APA takes the position that its 2003 plan amendment, which describes how claims are processed, adds a new standard for review of expenses: reasonableness. APA further argues that the meaning of reasonableness is defined by its third party claims processor's (HealthFirst) contract with an auditor (PPG). The Court concludes that APA has abused its discretion by interpreting the addition of one word in a paragraph detailing how claims are reviewed to change the meaning of what are "Usual and Prevailing" expenses covered by the plan. Under APA's reading, what was once a clear standard, that eligible medical expenses were those that fell within the 90th percentile rule, is now whatever APA or its claims processor says are reasonable. In effect, this interpretation would supplant a specific, defined term, which remains in the plan, with a generic, undefined term in a section of the plan that deals with the mechanics of claim processing.
It is notable that under the standard of review, the issue might be quite different if APA contended that its outlier criteria implemented the 90th percentile rule rather than changing it, but that is not what APA argued in its brief. Brief in Support of M. for S. Judgment at 12-13. APA attempts to analogize this case to an unpublished opinion of the Western District of Oklahoma in HCA Health Services of Okla. v. Okla. Blood Inst., No. CIV-03-15-A, slip op. at 10 (2004), but as APA notes in its analysis of that case, the court there relied on a plan provision that expressly allowed "`additional consideration to be given to the severity, nature and complications of the illness or injury being treated.'" The court referred to that as a "safety valve" provision. Id. APA has not pointed to any similarly express language in its plan that would justify its reasonableness/outlier criteria standard unmoored from its own definition of what is "Usual and Prevailing."
Having concluded that APA abused its discretion, the next issue is the proper remedy. The Court of Appeals' recent decisions make clear that remand to the plan administrator is available as a remedy. DeGrado v. Jefferson Pilot Fin. Ins. Co., No. 05-1281, slip op. at 26 (10 th Cir. June 28, 2006); Rekstad v. U.S. Bancorp, No. 05-1146, slip op. at 14-15 (10th Cir. June 21, 2006). The court's opinion in DeGrado stated that if a plan administrator "`fail[ed] to make adequate findings or to explain adequately the grounds of [its] decision,'" the proper remedy is to remand. Slip op. at 26 (quoting Caldwell v. Life Ins. Co. of N. Am., 287 F.3d 1276, 1288 (10 th Cir. 2002)).
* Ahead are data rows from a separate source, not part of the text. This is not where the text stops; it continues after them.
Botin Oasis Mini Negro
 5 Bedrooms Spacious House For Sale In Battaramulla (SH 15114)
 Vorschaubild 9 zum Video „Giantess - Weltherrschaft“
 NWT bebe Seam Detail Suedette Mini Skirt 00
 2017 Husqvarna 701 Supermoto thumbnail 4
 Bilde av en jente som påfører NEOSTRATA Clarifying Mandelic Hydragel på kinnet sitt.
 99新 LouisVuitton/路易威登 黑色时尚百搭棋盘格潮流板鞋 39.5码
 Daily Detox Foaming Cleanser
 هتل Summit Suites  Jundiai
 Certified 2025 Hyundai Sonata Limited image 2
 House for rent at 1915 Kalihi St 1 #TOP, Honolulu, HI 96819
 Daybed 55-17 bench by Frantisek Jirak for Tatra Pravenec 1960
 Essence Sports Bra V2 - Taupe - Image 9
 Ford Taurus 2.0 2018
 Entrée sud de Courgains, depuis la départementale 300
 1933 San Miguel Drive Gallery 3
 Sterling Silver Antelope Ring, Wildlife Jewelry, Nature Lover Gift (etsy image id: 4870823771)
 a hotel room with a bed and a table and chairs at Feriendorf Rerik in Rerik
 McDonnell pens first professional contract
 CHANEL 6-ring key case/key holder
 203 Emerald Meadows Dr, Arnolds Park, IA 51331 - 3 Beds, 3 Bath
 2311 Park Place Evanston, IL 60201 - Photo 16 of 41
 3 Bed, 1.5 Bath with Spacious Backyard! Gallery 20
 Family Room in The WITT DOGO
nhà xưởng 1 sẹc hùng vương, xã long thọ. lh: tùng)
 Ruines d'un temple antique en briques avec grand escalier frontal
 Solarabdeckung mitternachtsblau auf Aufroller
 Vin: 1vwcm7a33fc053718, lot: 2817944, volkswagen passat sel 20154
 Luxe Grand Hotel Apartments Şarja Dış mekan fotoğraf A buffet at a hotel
The court noted that "[i]n contrast, a retroactive reinstatement of benefits is proper where, but for the plan administrator's arbitrary and capricious conduct, the claimant `would have continued to receive the benefits or where there [was] no evidence in the record to support a termination or denial of benefits.'" Id. (quoting Cook v. Liberty Life Assur. Co. of Boston, 320 F.3d 11, 24 (1 st Cir. 2003). Because this case turns on an unreasonable interpretation of the plan rather than a lack of evidence to support APA's decision, the Court finds that remand to APA's Benefit Review and Appeal Board is appropriate, so that body or its designee can evaluate Hillcrest's claim under a proper construction of the plan terms.
Accordingly, APA's Motion for Summary Judgment [Dkt. #25] is DENIED and this case is REMANDED to the APA Benefit Review and Appeal Board. IT IS FURTHER ORDERED that this case shall be administratively closed and may be reopened upon proper motion for further review of APA's ultimate determination. LCvR 41.1.